Face à un coût qui peut parfois sembler élevé, beaucoup de patients cherchent à savoir si la cryothérapie bénéficie d’un remboursement par la Sécurité sociale ou leur mutuelle. La question est d’autant plus importante que les tarifs des séances varient sensiblement selon le type de cryothérapie, la localisation géographique et le professionnel qui la propose, sans compter les différences notables entre la cryothérapie localisée et celle du corps entier.

En matière de frais de santé, la complexité réside également dans le fait que la cryothérapie oscille entre médecine conventionnelle et médecine complémentaire, ce qui influence directement son inclusion dans les dispositifs de prise en charge. Quelques professionnels, notamment en kinésithérapie, peuvent proposer cette technique dans le cadre d’un parcours médical encadré, tandis que dans d’autres structures, comme les centres esthétiques ou les établissements sportifs, les modalités de remboursement sont bien plus limitées.

Le point sur les possibilités actuelles de prise en charge s’avère ainsi indispensable pour quiconque envisage cette thérapie, afin de comprendre ce qui relève de la couverture par l’assurance santé publique ou privée, et ce qui demeure à la charge du patient.

Dans cet article, différentes facettes du remboursement des séances de cryothérapie seront examinées, en particulier les critères liés à la Sécurité sociale, à l’action des mutuelles, ainsi qu’aux conditions d’exercice des professionnels habilités à proposer ces soins. Des précisions utiles seront également apportées sur les tarifs pratiqués et les démarches à adopter pour optimiser ses remboursements.

En bref :

  • La cryothérapie inclut deux formes principales : localisée (application de froid ciblée) et corps entier (exposition à très basse température).
  • La Sécurité sociale rembourse les séances uniquement lorsqu’elles sont intégrées à un traitement kinésithérapique prescrit et codifié dans la nomenclature médicale.
  • Les mutuelles peuvent prendre en charge partiellement ou totalement les séances, selon leur contrat et le cadre de la consultation médicale.
  • En dehors du cadre médical classique, la cryothérapie est généralement considérée comme un acte de médecine douce, souvent non remboursé, sauf exceptions liées à certaines mutuelles.
  • Le prix d’une séance varie en moyenne entre 30 € et 80 €, avec des disparités selon la région et le type de cryothérapie pratiquée.

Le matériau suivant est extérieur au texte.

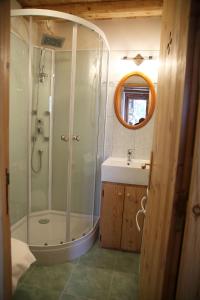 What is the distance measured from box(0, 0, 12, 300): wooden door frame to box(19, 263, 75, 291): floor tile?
96 centimetres

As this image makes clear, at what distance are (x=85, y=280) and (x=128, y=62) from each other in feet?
7.64

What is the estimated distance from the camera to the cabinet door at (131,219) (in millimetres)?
2252

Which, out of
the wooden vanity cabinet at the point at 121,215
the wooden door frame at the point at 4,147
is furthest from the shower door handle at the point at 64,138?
the wooden door frame at the point at 4,147

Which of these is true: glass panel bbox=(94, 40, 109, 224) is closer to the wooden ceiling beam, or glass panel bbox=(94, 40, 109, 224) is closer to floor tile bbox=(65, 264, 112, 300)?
the wooden ceiling beam

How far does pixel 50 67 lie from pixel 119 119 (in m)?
1.05

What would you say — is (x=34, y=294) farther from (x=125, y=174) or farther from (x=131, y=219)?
(x=125, y=174)

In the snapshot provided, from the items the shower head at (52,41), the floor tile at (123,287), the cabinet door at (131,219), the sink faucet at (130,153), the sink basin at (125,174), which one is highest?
the shower head at (52,41)

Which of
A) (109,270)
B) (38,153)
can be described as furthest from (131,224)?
(38,153)

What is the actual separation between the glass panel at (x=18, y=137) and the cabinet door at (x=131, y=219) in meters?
1.05

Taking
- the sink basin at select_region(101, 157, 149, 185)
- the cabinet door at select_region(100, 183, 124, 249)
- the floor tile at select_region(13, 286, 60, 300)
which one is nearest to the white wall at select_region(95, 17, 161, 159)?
the sink basin at select_region(101, 157, 149, 185)

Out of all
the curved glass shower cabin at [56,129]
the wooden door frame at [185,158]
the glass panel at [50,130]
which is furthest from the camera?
the glass panel at [50,130]

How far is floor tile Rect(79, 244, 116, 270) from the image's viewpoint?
2098 millimetres

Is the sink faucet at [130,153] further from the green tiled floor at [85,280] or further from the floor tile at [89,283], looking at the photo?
the floor tile at [89,283]

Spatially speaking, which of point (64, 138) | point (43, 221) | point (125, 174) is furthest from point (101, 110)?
point (43, 221) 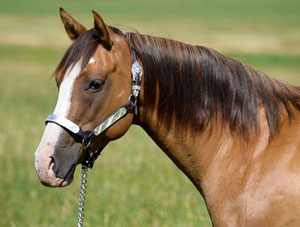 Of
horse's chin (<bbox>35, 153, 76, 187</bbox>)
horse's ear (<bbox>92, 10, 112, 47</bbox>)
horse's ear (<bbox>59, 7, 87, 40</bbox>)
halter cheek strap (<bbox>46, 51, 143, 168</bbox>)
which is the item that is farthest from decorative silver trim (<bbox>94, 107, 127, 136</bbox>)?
horse's ear (<bbox>59, 7, 87, 40</bbox>)

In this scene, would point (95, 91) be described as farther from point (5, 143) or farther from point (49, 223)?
point (5, 143)

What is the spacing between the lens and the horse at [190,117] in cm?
326

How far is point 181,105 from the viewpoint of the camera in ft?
11.9

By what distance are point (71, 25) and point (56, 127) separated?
3.00ft

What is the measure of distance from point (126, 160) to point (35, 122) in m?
4.40

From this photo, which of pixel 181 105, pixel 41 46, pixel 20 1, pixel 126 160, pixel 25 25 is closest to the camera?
pixel 181 105

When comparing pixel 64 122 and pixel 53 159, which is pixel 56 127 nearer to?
pixel 64 122

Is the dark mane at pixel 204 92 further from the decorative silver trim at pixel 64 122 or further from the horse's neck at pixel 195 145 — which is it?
the decorative silver trim at pixel 64 122

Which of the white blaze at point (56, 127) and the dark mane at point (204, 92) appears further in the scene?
→ the dark mane at point (204, 92)

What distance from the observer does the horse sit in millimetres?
3260

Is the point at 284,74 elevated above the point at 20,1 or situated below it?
above

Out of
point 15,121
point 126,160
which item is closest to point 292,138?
point 126,160

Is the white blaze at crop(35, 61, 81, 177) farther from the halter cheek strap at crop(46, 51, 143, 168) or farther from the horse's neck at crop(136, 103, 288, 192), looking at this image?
the horse's neck at crop(136, 103, 288, 192)

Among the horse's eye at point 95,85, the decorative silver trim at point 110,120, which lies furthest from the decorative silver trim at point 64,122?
the horse's eye at point 95,85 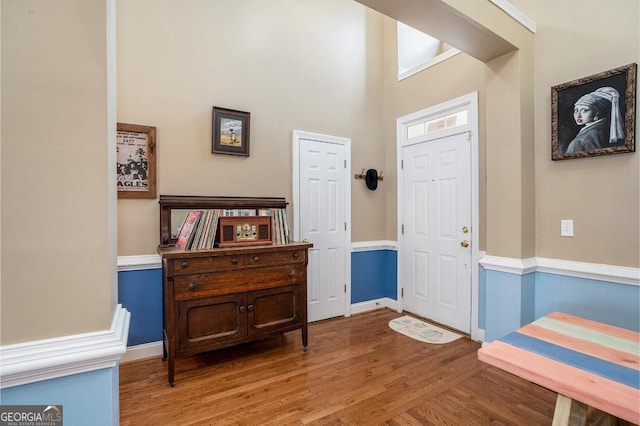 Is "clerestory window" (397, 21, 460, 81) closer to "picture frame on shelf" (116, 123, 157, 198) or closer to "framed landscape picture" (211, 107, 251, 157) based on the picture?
"framed landscape picture" (211, 107, 251, 157)

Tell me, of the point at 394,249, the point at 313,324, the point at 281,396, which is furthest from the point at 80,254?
the point at 394,249

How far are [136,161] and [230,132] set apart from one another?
825 mm

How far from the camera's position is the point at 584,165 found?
213 cm

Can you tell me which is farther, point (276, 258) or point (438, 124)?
point (438, 124)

Les différentes pratiques de cryothérapie et leurs implications sur le remboursement

La cryothérapie se décline principalement en deux formes, avec des implications variées en termes de prise en charge financière. D’un côté, la cryothérapie localisée cible une zone spécifique, tandis que la cryothérapie du corps entier implique l’exposition de tout le corps à des températures extrêmes, souvent pendant 2 à 4 minutes.

La cryothérapie localisée est la plus fréquente dans les cabinets de kinésithérapie, les centres de santé et parfois chez les esthéticiens. Elle consiste à appliquer froid et air pulsé sur une articulation ou un muscle, notamment après une intervention chirurgicale, comme la pose d’une prothèse de genou, ou un traumatisme tel qu’une entorse. Concrètement, cette méthode est utilisée comme un complément aux soins de rééducation pour réduire l’inflammation et la douleur locale.

Les professionnels de santé peuvent s’appuyer sur plusieurs outils : des pochettes de froid conservées au congélateur, des dispositifs à air pulsé ou des bombes d’air froid pressurisé. Ces techniques bénéficient souvent d’une reconnaissance précise dans la nomenclature des actes professionnels, permettant leur prise en charge sous certaines conditions.

La cryothérapie du corps entier, en revanche, nécessite un matériel spécialisé, tel que des cabines cryogéniques ou des chambres froides, utilisées dans des centres dédiés. Cette technique vise à induire une vasoconstriction puis une vasodilatation généralisée, renforçant ainsi la circulation sanguine et la résilience musculaire. Toutefois, du fait de l’utilisation de dispositifs médicaux réglementés, seuls certains professionnels de santé – principalment médecins et kinésithérapeutes habilités – peuvent les exploiter.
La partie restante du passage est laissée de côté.